*** Input Section Begins ***
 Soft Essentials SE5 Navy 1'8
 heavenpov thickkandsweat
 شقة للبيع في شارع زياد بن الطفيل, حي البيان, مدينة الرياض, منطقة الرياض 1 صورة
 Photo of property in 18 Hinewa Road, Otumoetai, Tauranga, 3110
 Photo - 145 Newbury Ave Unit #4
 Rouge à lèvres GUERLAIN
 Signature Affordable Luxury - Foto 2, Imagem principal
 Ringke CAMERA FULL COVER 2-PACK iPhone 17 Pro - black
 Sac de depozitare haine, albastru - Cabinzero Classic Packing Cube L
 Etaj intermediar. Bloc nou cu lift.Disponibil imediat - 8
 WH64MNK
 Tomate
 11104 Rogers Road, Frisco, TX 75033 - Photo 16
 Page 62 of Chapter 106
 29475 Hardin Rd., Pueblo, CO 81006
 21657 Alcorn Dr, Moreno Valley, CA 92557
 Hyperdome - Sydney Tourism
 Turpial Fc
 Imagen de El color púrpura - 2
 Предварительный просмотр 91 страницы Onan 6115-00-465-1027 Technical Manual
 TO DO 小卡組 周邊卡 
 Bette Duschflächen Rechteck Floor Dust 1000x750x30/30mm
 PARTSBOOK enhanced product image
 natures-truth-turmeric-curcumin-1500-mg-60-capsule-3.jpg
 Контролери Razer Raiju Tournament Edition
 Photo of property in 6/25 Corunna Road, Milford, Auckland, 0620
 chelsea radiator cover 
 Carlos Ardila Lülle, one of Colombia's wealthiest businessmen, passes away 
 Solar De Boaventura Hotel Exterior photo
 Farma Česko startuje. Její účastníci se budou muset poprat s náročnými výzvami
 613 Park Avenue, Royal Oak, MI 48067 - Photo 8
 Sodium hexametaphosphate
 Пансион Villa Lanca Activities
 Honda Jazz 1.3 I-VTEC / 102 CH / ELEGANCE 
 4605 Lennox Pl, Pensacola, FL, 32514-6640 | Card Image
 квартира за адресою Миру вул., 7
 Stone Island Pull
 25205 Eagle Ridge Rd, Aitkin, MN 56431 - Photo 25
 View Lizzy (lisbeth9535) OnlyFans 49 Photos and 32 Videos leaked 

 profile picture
*** Input Section Ends ***
_What is being asked:_ Starting at the line above that contains "613 Park Avenue, Royal", repeat each line exactly up to and including the line that contains "25205 Eagle Ridge", and stop there.

_Output of the task:_
 613 Park Avenue, Royal Oak, MI 48067 - Photo 8
 Sodium hexametaphosphate
 Пансион Villa Lanca Activities
 Honda Jazz 1.3 I-VTEC / 102 CH / ELEGANCE 
 4605 Lennox Pl, Pensacola, FL, 32514-6640 | Card Image
 квартира за адресою Миру вул., 7
 Stone Island Pull
 25205 Eagle Ridge Rd, Aitkin, MN 56431 - Photo 25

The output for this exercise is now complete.